Think of each premise as a coin flip. In order to find out the probability of flipping heads three times in a row, you have to multiply the probability of each coin flip since the next coin flip depends on the previous coin flip. The probability of flipping heads three times in a row is 50% * 50% * 50% = 12.5%. The same logic happens with the argument above. If 90% of all major cities in antiquity had public libraries, and we have 90% confidence that Jerusalem was a major city, this means there is an 81% probability that Jerusalem had a public library.
The same logic happens when using criteriology:
P1: The criterion of embarrassment says that people don’t invent things that are embarrassing
P2: The baptism of Jesus was embarrassing
C: Therefore, Jesus was baptized.
The conclusion is only as strong as the premises, yet the premises aren’t 100% certain. The only fact that we have here is that Mark wrote a story about Jesus being baptized. What is the probability that people in antiquity didn’t invent things that were embarrassing? What is the probability that the baptism of Jesus was embarrassing to Mark? If we have 75% confidence in both of those premises, this means that our conclusion is only 56% likely. Even though we have a reasonable amount of confidence in both premises, a conclusion that is only 56% likely isn’t that strong. Unfortunatley, NT historians have confused conclusions derived from criteriology with facts, when criteriology could only produce hard facts if they were 100% reliable.

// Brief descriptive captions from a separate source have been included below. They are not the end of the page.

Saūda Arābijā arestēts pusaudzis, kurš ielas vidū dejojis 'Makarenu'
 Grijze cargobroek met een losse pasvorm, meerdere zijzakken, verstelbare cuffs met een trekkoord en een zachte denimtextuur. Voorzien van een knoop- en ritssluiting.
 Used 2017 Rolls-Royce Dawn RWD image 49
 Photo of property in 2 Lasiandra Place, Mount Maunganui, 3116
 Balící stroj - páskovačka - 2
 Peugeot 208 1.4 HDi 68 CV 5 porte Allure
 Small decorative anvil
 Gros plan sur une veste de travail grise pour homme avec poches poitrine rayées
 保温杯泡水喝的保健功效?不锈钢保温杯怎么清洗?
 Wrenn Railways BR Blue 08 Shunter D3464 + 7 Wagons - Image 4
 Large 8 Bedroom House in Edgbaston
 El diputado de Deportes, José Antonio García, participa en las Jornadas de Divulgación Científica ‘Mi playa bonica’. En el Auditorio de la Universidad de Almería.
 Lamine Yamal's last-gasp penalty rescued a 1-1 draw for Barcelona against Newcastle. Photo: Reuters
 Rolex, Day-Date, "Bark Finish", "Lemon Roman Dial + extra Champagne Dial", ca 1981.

Bayes’ theorem would be a way of adding to the probability strength of premises or conclusions, like finding a document in antiquity that attested to a public library being in Jerusalem. The document itself could be genuine or forged, so how much it increases or decreases the probability of Jerusalem having a library depends on the confidence we place on the document.
What Richard done has only achieved exactly what standard probabilistic analysis has done all along.
Its not as if one branch of stats and prob despises another..its just different ways..by probabilities or by experiment.
I would find it far more amusing that pieces of literature are analysed probabilistically (which would be a great outcome for Carrier and Ehrman) and extensively published as a adjunct to current dubious theological interpretations of “imported” sciences and pseudo sciences.
I am not at all sure that statements of the time are true or false and some subsequently propagated. It just they have that appearance.
In that may I add to our fellow J. Quinton, a probabilistic scenario of a genuine or forged document from a particular period BUT not before would be far easier to glean from statements around and following that period. This may be difficult to achieve, but its no where near as difficult to support as the assumptions we currently have
I’m not interested on how people interpret desires. Bayesian disproving the existence of a deity is about as relevant as evidential is no more and yet no less thorough than pointing out the ridiculous “disproving a negative” catch cry…
Normally all you can say to such catch cry is..”you have swapped your hypothesis”. All Bayesian probability says, geez, if you think this, you have badly weighted your conditional probabilities.
If anything, Carrier has been promoting what is as plain as the earth spinning in an easterly direction from where you stand from conservatism’s position of, the sun rises every day..
Its a sad reflection in this modern scientific world that Richard has to point these things out.